第百八夜

 

取引先と飲んだ酒がようやく抜け、夜道に車を出したときにはもう日付も変わっていた。

都市部を抜けると対向車も少なく、冴えた冬の空気に素通しのLEDの街灯が目に刺さる。十分に酒の抜けた頭は冷静で、自然と速度を落とし、街灯の照らす光の輪の外の余計に黒々した闇に異状が無いかを確かめながらハンドルを握り続ける。

自宅へと曲がる小さな交差点の手前ヘ来ると、その二十メートルほど手前に赤い回転灯が回っているのが見える。二人組の婦人警官がミニ・パトの後ろに立って、車を寄せるように合図をする。
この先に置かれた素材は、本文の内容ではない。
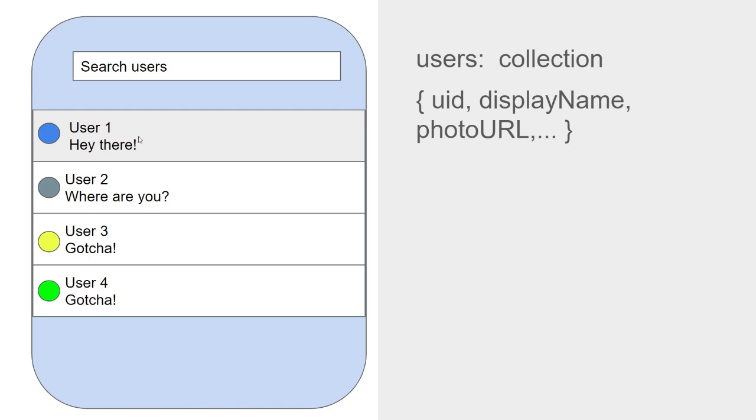Now let's move on to the chat list. For the chat list, we need to have a chats collection. What data should the chat have in our case? So from the UI prototype, we can see that it needs the user's name, the photo, the last message of the chat and the last message date.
年末年始には恒例の、飲酒運転を取り締まる検問だろうと推測しながら足をブレーキに移す。

ウインドウを下ろすと若い婦警がこちらを覗き込み、ぶっきらぼうにビニル袋を差し出して息を吹き込めという。先刻からほとんど車を見ていないから、仕事が無くて退屈だったのだろうか。愛想の悪さの理由を勝手に想像しながら、酒の抜けている自信はあったので素直に従う。

呼気にアルコールの出ないのがわかると、
「ご協力ありがとうございました。どうぞ安全運転でお願いします」
と、抑揚のない声で送り出してくれる。

車を出したはいいものの、間の悪いことに赤信号に捕まり、ウインカを出して停まる。それにしても、
――車が少ない。
正月も七日を過ぎたとはいえ、これほど寂れた道だったろうかと辺りを見回すが、交差点を渡る車も、対向車も無い。鏡に目を遣り背後を確認しても、やはり一台の車もない。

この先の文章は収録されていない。